Why It Is Reasonable to Disregard ISS?

     The most obvious reason to disregard ISS is that Maxim has produced so well for you for so long.

     Further reasons: You do not need whatever protections ISS’s rule may offer. Maxim’s approach to option grants is thoughtful, broad-based and mainstream in terms of governance. Because all options are granted at 100% of fair market value, vest over long periods and are not repriced, the interests of employee option holders are truly aligned with the interests of our stockholders.

     Distribution of our options is heavily weighted to those functions that are critical to the long-term success of the company. Engineering and Business Unit Management account for 56% of the grants.

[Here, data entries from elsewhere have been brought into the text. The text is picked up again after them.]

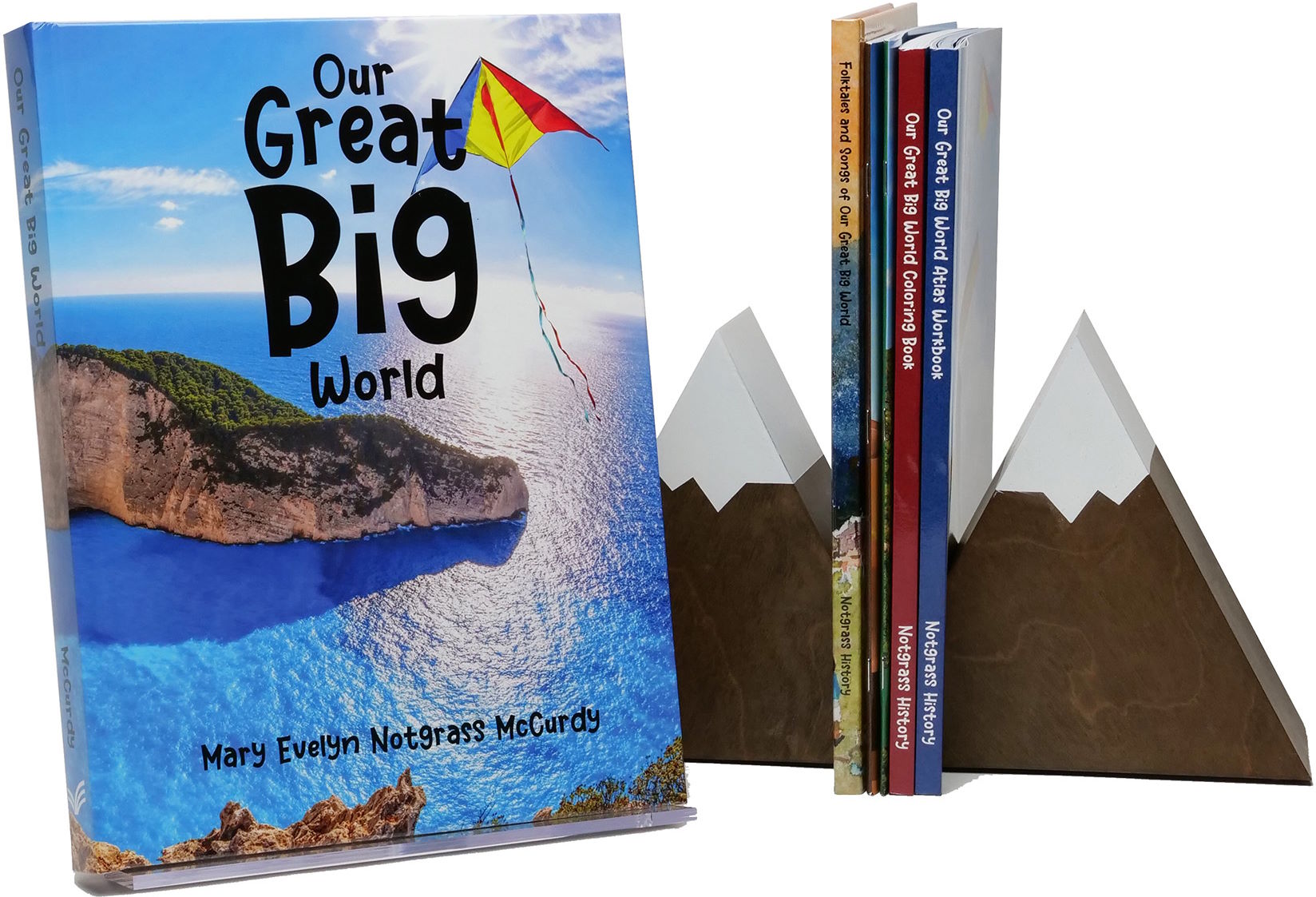 Our Great Big World Curriculum Package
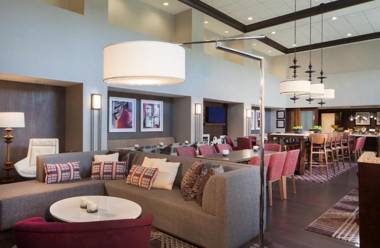 Hampton Inn & Suites Columbus-Easton Area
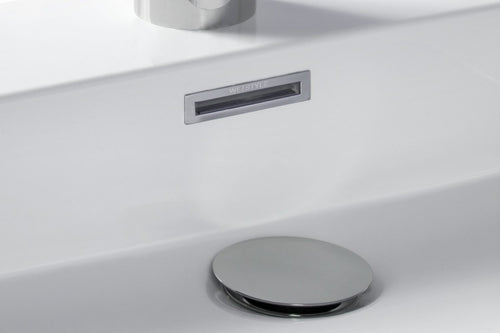 VC 36C Lavatory Sink WETMAR BiO finishes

Slide 19 — Please Support Our Management

Management of the Company

     Maxim’s management is presided over by a small, 80% outsider, extremely knowledgeable Board. At every quarterly Board meeting, the Board receives and reviews the President’s analysis of the same set of financial statements that top management uses to run the company, and the top operating management of the company reports to the Board on the performance and prospects of their units. The board held 9 meetings in FY2003 including the 4 regular quarterly meetings. During FY2003, all directors attended at least 75% of the meetings of the Board and of the committees on which they served.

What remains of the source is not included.